Why Do Many Reasonable People Doubt Science?

Coruja_da_filosofiaThis question posed in the National Geographic magazine (June 2015),… titled “Why Do Many Reasonable People Doubt Science?” …  got me thinking about why reasonable people think it is possible to time the markets, even though there’s plenty of academic evidence to the contrary.

Some points from the NG article that are also in many ways relevant to investing:

  • Empowered by their own sources of information and their own interpretations of research, doubters have declared war on the consensus of experts.
  • In a sense all this is not surprising. Our lives are permeated by science and technology as never before. For many of us this new world is wondrous, comfortable, and rich in rewards—but also more complicated and sometimes unnerving. We now face risks we can’t easily analyze.
  • “Science is not a body of facts,” says geophysicist Marcia McNutt, who once headed the U.S. Geological Survey and is now editor of Science, the prestigious journal. “Science is a method for deciding whether what we choose to believe has a basis in the laws of nature or not.” But that method doesn’t come naturally to most of us.
  • Even when we intellectually accept these precepts of science, we subconsciously cling to our intuitions—what researchers call our naïve beliefs.
  • Most of us do that by relying on personal experience and anecdotes, on stories rather than statistics.
  • We have trouble digesting randomness; our brains crave pattern and meaning.
  • Meanwhile the Internet makes it easier than ever for climate skeptics and doubters of all kinds to find their own information and experts.
  • The Internet has democratized information, which is a good thing. But along with cable TV, it has made it possible to live in a “filter bubble” that lets in only the information with which you already agree.

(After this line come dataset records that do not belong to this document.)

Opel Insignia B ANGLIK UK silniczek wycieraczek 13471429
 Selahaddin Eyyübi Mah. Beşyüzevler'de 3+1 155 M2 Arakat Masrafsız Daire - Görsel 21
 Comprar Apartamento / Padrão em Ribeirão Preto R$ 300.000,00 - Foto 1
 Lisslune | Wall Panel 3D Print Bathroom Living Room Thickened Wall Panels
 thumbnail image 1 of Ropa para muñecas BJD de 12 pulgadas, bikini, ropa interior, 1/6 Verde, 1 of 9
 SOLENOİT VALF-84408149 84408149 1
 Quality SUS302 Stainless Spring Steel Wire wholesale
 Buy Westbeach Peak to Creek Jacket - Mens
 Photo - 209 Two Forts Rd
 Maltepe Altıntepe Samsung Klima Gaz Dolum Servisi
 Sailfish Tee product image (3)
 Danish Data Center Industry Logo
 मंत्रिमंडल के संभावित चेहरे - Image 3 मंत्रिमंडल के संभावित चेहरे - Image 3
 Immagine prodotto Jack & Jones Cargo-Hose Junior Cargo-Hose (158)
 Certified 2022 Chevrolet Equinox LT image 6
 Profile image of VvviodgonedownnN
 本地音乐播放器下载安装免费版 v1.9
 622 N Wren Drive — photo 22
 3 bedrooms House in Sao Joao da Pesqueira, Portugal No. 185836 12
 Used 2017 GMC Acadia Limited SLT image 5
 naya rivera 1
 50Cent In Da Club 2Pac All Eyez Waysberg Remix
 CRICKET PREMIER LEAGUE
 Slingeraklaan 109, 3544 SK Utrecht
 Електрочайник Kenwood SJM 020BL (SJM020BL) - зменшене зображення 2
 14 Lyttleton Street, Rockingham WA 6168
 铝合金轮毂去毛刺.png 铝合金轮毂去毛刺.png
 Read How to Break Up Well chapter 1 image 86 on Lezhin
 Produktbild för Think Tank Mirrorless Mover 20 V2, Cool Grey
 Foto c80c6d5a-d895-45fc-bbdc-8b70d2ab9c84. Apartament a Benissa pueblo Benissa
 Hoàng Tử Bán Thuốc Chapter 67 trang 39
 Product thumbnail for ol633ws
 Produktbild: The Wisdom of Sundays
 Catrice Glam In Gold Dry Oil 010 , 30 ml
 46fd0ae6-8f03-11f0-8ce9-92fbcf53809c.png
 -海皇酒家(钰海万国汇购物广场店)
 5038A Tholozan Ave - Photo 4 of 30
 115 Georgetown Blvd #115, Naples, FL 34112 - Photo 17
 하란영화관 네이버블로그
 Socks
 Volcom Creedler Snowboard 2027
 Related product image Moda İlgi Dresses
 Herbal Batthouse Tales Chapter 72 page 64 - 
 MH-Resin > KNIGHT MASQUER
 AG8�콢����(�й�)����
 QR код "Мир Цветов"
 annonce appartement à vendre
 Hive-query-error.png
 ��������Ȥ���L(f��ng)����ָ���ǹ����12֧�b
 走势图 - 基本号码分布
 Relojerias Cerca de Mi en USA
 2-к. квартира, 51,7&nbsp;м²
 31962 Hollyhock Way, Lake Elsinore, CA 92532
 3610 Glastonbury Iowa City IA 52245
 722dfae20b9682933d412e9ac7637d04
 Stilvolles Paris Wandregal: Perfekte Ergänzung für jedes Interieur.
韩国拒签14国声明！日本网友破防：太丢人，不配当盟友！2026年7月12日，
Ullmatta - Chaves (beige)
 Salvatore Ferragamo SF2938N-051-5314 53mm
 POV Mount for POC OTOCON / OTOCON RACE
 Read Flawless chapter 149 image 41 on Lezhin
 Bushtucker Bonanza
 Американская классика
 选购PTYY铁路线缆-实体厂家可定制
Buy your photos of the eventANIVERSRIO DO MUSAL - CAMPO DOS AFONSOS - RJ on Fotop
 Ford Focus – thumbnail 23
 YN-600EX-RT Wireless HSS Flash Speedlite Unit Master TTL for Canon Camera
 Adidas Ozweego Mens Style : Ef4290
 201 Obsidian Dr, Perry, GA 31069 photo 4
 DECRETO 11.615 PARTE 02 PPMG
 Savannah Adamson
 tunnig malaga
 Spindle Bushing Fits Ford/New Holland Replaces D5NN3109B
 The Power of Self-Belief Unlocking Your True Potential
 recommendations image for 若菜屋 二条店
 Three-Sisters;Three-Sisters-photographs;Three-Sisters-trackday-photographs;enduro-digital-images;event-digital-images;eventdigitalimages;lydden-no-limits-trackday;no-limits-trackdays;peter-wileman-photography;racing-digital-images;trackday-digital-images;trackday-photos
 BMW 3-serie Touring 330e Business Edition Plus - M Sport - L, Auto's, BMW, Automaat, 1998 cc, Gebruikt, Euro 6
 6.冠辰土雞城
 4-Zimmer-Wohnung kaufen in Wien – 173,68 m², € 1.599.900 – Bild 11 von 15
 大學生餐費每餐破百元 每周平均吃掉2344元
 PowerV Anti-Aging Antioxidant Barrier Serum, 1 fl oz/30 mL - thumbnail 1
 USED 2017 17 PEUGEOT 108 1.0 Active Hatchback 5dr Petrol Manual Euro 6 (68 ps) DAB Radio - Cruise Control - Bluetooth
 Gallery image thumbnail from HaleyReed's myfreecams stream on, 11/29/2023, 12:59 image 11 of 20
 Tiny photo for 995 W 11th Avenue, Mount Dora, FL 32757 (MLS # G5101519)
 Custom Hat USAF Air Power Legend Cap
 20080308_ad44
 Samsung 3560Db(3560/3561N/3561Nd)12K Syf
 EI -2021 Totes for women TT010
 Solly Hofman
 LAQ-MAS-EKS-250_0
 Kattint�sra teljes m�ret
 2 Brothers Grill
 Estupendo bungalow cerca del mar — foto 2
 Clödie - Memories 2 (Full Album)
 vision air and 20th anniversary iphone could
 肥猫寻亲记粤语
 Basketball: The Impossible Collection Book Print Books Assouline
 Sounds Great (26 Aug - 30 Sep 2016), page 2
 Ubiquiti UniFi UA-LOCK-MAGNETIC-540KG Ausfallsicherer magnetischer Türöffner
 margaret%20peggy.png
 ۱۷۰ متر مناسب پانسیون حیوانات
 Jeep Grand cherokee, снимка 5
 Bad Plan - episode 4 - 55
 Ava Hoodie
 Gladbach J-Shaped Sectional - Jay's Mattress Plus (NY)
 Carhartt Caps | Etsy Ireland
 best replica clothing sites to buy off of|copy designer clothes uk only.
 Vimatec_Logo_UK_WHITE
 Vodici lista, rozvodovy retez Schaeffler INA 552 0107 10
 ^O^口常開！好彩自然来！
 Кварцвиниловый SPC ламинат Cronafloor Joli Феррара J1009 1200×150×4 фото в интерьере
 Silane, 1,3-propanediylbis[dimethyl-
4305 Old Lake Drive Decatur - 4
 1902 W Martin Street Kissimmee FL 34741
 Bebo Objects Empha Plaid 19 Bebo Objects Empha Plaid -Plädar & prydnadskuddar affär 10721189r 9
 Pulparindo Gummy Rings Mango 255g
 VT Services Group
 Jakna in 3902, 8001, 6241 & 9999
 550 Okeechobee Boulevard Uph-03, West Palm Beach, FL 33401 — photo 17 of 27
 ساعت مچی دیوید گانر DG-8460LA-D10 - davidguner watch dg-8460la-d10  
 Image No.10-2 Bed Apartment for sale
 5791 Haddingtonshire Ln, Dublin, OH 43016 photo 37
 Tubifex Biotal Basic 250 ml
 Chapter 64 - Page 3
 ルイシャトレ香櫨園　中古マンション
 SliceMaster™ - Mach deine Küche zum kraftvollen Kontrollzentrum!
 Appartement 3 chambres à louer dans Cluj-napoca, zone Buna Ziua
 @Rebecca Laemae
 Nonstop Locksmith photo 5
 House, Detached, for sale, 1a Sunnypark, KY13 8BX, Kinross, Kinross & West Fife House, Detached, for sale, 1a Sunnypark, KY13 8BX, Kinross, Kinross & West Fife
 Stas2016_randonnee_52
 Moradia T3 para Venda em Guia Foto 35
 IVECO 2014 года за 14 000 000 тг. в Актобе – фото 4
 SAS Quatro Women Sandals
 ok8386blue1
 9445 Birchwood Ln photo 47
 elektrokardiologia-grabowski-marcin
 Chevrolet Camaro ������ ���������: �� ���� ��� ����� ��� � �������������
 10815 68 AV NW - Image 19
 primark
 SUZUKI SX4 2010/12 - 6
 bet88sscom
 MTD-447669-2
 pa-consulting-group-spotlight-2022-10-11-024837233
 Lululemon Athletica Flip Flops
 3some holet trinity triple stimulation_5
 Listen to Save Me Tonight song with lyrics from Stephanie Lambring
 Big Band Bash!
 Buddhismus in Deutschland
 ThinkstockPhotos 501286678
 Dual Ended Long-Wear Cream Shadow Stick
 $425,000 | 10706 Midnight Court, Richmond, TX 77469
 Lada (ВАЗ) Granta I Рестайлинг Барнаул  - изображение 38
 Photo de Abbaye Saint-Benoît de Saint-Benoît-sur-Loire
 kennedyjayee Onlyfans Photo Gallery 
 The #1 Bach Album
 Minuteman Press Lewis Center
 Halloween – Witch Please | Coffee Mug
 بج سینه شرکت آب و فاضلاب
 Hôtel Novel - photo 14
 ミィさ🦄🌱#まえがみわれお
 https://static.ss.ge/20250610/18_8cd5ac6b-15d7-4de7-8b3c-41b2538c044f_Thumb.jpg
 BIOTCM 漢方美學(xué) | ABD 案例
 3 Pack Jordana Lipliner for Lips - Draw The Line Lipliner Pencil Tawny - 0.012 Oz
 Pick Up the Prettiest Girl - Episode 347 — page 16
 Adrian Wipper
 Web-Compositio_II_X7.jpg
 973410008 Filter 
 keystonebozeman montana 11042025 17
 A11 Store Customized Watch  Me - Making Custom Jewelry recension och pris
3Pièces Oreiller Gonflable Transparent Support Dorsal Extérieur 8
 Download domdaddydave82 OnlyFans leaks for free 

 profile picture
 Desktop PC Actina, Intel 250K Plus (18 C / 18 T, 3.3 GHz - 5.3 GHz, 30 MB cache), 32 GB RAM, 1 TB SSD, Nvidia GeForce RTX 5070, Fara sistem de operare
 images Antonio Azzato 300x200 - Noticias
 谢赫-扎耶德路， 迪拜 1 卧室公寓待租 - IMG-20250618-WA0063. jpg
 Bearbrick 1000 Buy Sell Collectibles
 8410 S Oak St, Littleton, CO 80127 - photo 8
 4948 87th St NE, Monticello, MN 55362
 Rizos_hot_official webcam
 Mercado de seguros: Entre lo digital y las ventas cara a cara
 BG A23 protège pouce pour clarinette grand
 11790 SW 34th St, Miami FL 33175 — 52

How does this relate to investing?

There is plenty of academic research on investing science. You may get a sense of the debate in the investing world when you read about passive (now being called evidence based) versus active investing. A good summary on the topic may be found hereby By Dana Anspach. A lot of confusion may be from active investing doing better in the short term compared to indexes. However,  Standard & Poor’s Indices Versus Active (SPIVA) findings find that it is short lived, not persistent, and the outperformers in one period are not the same as those in another … in other words, now you also need to predict ahead of time who may outperform in addition to what fund.

The academic findings are best summarized by Fama and French. Their forum discusses luck versus skill. Luck is simply fitting within statistical expectations while skill would be a measure of who stays outside statistical explanation the majority of the time (nobody does).

There is a long list of biases that investors face (click on the first link on that page for a descriptive article on the list). Which ones are you prone to? To eliminate as many biases as possible, one should adhere to evidence based investing (much like how the medical profession evolved with evidence based medicine).

As Anspach explains in her article I linked to above, “Active investing is like betting on who will win the Super Bowl, while passive investing would be like owning the entire NFL, and thus collecting profits on gross ticket and merchandise sales, regardless of which team wins each year.”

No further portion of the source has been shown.